Offering another perspective, Mark Elliott, acting director of the Fairbank Center for Chinese Studies, and the Mark Schwartz Professor of Chinese and Inner Asian History, compared the Civil War and its legacy of suffering to that of the Taiping Rebellion, a brutal Chinese civil war from 1850 to 1864.
Like the American Civil War, it was waged between rebel forces in the south and a northern government trying to preserve its union, and had a staggering death toll. But the conflict, Elliott argued, “is not part of the national discourse of suffering in modern China,” compared with the second Sino-Japanese War, or the Cultural Revolution.
Still, he drew comparisons between the two conflicts. Referencing a point in Faust’s book that “Death created the modern American union,” Elliott said the Taiping Rebellion “led to radical restructuring of imperial societies and politics that contributed to the emergence of a republic.”
Of Japan’s efforts to cope with the fact that its involvement in World War II is “largely reviled,” Susan Pharr, director of the Edwin O. Reischauer Institute for Japanese Studies, said, “It’s important to understand how crushingly difficult the task is.”
Besides needing to express grief for those who lost their lives, communicate a sense of contrition, and recover a sense of self-esteem, Japan has to work to find meaning to the conflict to help future generations understand that the suffering was not in vain, said Pharr, Edwin O. Reischauer Professor of Japanese Politics.
While she acknowledged one could fault Japan for its failure to deal effectively with the past, the task, she said, is “extraordinarily complex.”
Adding a psychological dimension to the discussion, Kleinman suggested that painting the concept of suffering with the broad brush of trauma theory — the notion that all suffering results in emotional trauma that leads to long-term buried memories with negative consequences — is not necessarily the correct approach.
Citing research from a forthcoming book in which he studied those traumatized by China’s Cultural Revolution over 30 years, Kleinman, who has done extensive work on mental illness in Chinese culture, said many of his subjects had decidedly different long-term responses to trauma.
“What one sees is a weakening over time of the bite and sharpness of the most difficult of memories, a reworking of memories, and then a sense of increasing balance, a balance between where memories should be and where both the current period and the future lies.”
Partly in play is the notion that over time, “Different contextual settings radically change the subjective experience of the past.”
Kleinman compared studies in which Holocaust survivors are placed in a laboratory setting and encouraged to recount their memories, versus what happens to them in their daily lives.

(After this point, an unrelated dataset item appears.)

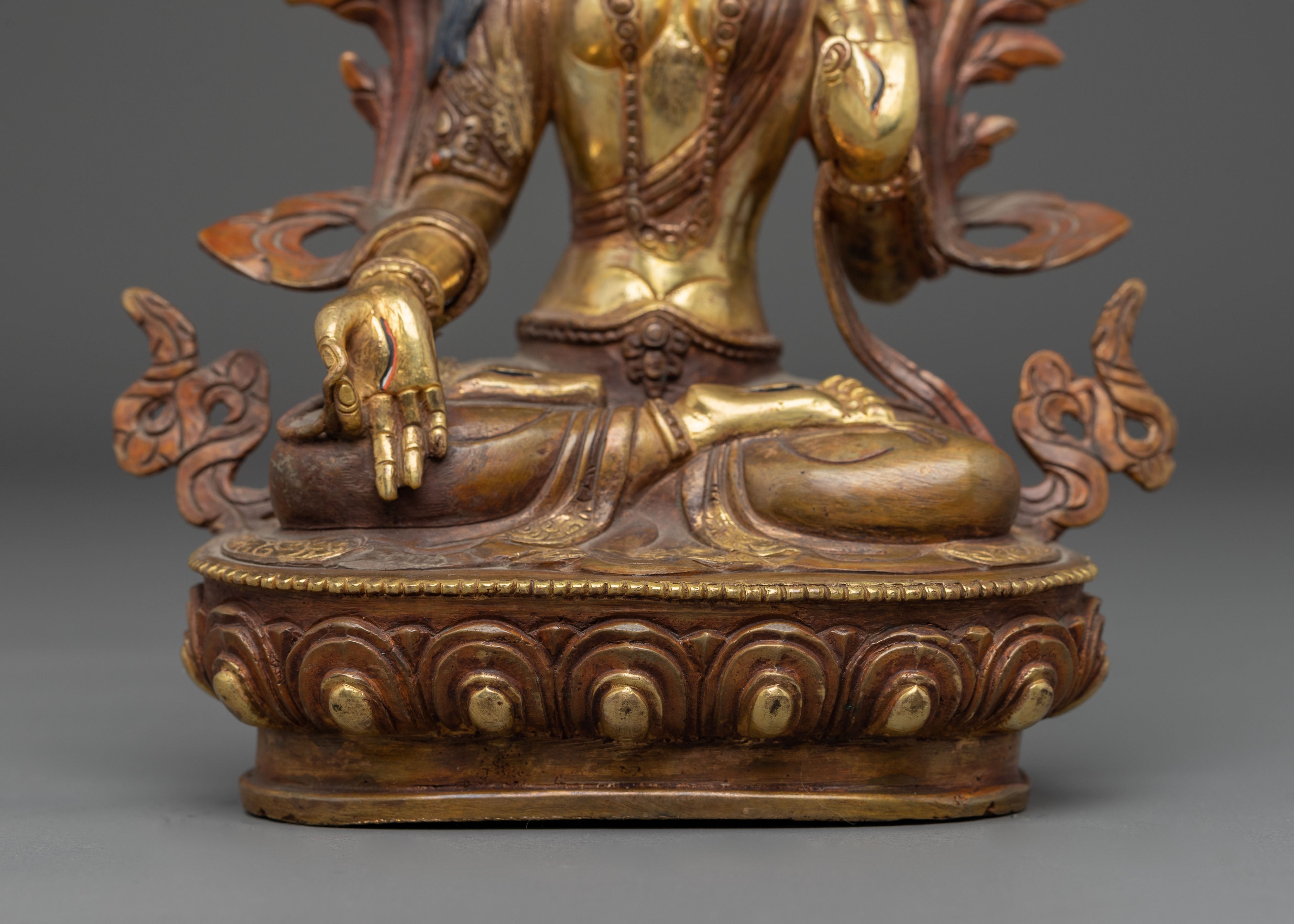 Handmade White Tara Statue: Buddhist Healing Goddess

When examined in an everyday context, the trauma and the memories are not gone, but “reinterpreted and reworked,” he said. “The consequence is that people are able to get on with their lives.”
His questioning of trauma theory, Kleinman said, extends to broader concerns about how society increasingly quantifies suffering in economic terms. Casting suffering in an economic framework, Kleinman said, will be “as dangerous a remaking as trauma theory’s remaking of suffering.”
Besides being Harvard’s president, Faust is a Civil War scholar and the Lincoln Professor of History. Her book examines the culture spawned by the unprecedented fatalities of the conflict.
Faust came to study the Civil War in large part because of her graduate training, which inspired her interest in researching history from “inside the experience” of people in a culture. In addition, she said, she realized that the literature on the Civil War had essentially neglected the topic of death, what she called “an essential part of the … experience.”
“The Civil War, I came to understand, is a significant and transitional moment in the way human beings have related to suffering,” said Faust, who said that many participants in the conflict felt they had elevated the concept of suffering to a “higher level,” one that led to a more humanitarian age and the rise of abolitionism, human rights doctrines, and even the movement against cruelty to animals.
“They were aware of a shift in the human condition, in which suffering was seen as terrible, intolerable — not just as a condition of life, but as something that should be resisted.”